Deputados federais e senadores destinaram, nos últimos quatro anos, mais de R$ 550 milhões em emendas parlamentares a Estados diferentes daqueles pelos quais foram eleitos. Somente em 2024, os repasses interestaduais somaram R$ 252 milhões, revelando uma prática que, embora legal, acende alertas sobre a transparência, controle e efetividade na aplicação dos recursos públicos.
O levantamento, inédito, foi realizado pela plataforma Central das Emendas, em parceria com pesquisadores da Universidade de Harvard. Ele considerou apenas as emendas individuais — mecanismo pelo qual cada parlamentar pode indicar diretamente a destinação de verbas do Orçamento Federal.
As bancadas do Distrito Federal e da Bahia lideram esse movimento: juntas, enviaram R$ 70 milhões para fora de seus redutos eleitorais. O Distrito Federal repassou R$ 39 milhões, enquanto a Bahia destinou R$ 31 milhões a outros Estados. Entre os principais destinos das emendas interestaduais estão São Paulo, que recebeu R$ 87 milhões, e o Rio de Janeiro, que recebeu R$ 37,8 milhões — ambos sem ligação direta com a base eleitoral dos parlamentares que enviaram os recursos.
Para Bruno Bondarovsky, pesquisador de Harvard e idealizador da Central das Emendas, a prática enfraquece o argumento de que as emendas servem para atender demandas locais, levantando suspeitas sobre acordos políticos e uso estratégico das verbas.
“Esses R$ 252 milhões poderiam bancar centenas de obras públicas.
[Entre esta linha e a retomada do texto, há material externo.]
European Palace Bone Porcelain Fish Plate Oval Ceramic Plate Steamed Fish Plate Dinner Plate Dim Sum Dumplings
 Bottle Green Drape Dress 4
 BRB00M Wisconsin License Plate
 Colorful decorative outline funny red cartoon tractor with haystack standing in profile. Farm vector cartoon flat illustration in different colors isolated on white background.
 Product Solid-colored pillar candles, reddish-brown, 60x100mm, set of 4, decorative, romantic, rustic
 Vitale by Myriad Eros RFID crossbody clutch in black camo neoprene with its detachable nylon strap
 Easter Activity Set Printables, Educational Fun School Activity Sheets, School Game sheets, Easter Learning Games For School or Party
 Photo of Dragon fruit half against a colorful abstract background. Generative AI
Esse dinheiro, na prática, influencia alianças e favorece interesses que nem sempre são transparentes para a população”, afirma.
A diretora da Transparência Brasil, Maria Atoji, reforça a crítica.
“O problema não é apenas o destino. É o fato de o dinheiro sair sem critério técnico, sem plano e sem integração com políticas públicas de escala. Isso aprofunda distorções federativas e enfraquece o planejamento nacional”, explica.
O caso do Acre ilustra a distorção: mesmo sendo um dos Estados com maior carência estrutural, seus parlamentares destinaram R$ 6,8 milhões em emendas para São Paulo. Situação semelhante ocorreu com parlamentares do Tocantins, que transferiram R$ 18,2 milhões para o Estado mais rico do país.
Segundo Humberto Alencar, analista de planejamento e orçamento do Ministério do Planejamento, o uso das emendas para beneficiar outras regiões pode representar renúncia a investimentos urgentes nas cidades de origem dos parlamentares. “Para cidades pequenas, um repasse de R$ 1 milhão muda o jogo. Quando esse dinheiro vai para fora, perde-se a conexão com quem realmente precisa e votou nesses representantes”, argumenta.
Em resposta às distorções, o Supremo Tribunal Federal (STF) interveio. Em agosto de 2024, o ministro Flávio Dino determinou que parlamentares não podem mais enviar emendas Pix — modalidade de repasse direto sem necessidade de justificativa prévia — para fora de seus Estados de origem. A medida busca garantir maior transparência e rastreabilidade na execução dessas verbas.
Ainda assim, especialistas apontam que as brechas permanecem. “Mesmo com os limites do Supremo, a lógica dos repasses continua favorecendo interesses subjetivos e alianças pontuais. É preciso repensar o modelo de emendas”, conclui Alencar.